YOUR INSTRUCTIONS →
Retype all of the data word for word, without pictures.

INFORMATION SHOWN →
↓↓↓
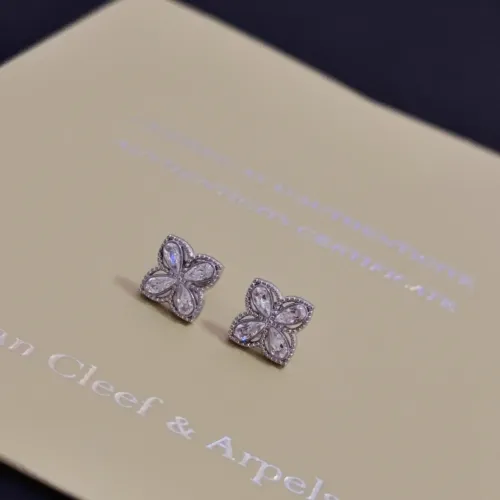Cheap Van Cleef &amp; Arpels Earrings For Women #1413960 Replica Wholesale [$36.00 USD] [ITEM#1413960] on Replica Van Cleef &amp; Arpels Earrings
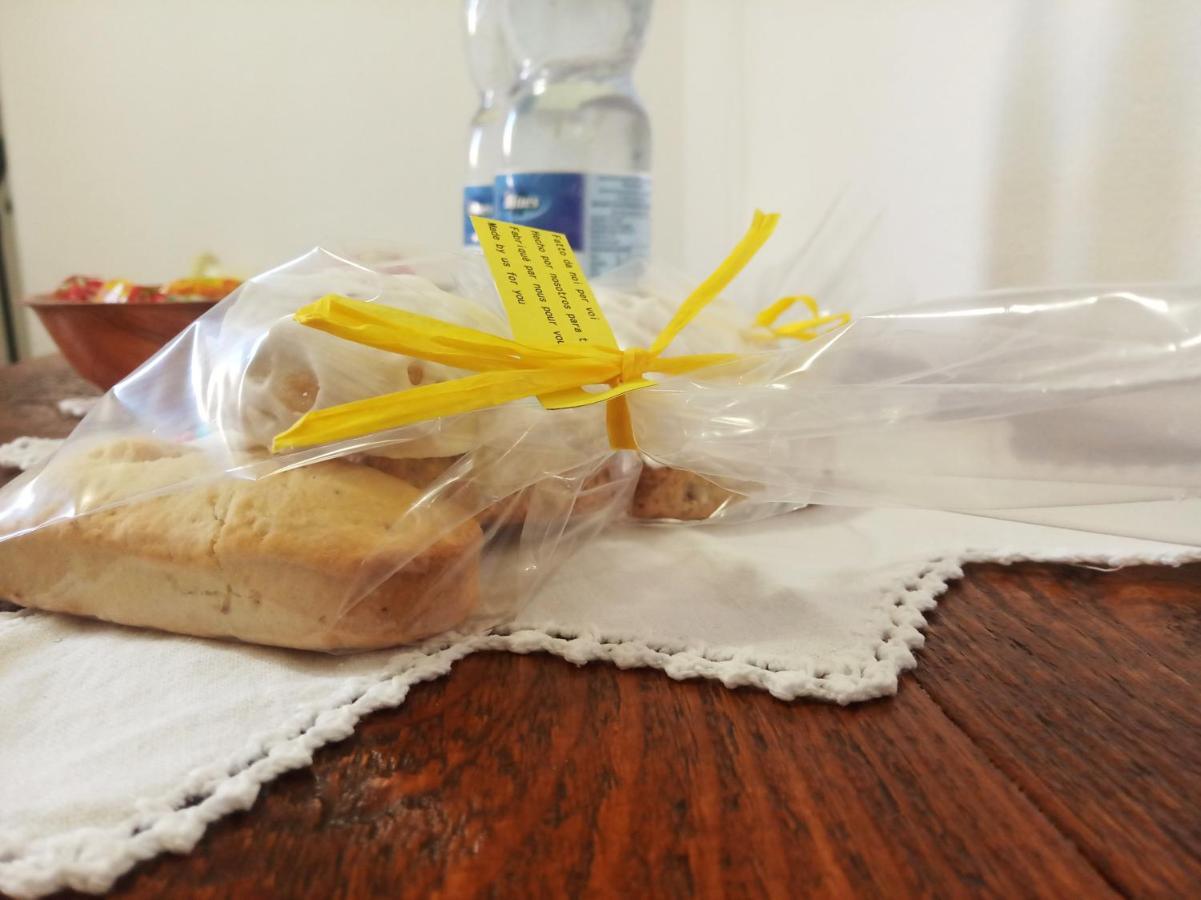 Al Centoventi Bed and Breakfast Porto Torres Exteriör bild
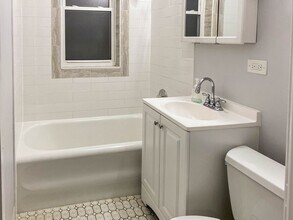 3709 N Sheffield Ave, Unit 407 in Chicago, IL - Building Photo - Building Photo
↑↑↑
RESULT BELOW →
Cheap Van Cleef &amp; Arpels Earrings For Women #1413960 Replica Wholesale [$36.00 USD] [ITEM#1413960] on Replica Van Cleef &amp; Arpels Earrings
 Al Centoventi Bed and Breakfast Porto Torres Exteriör bild
 3709 N Sheffield Ave, Unit 407 in Chicago, IL - Building Photo - Building Photo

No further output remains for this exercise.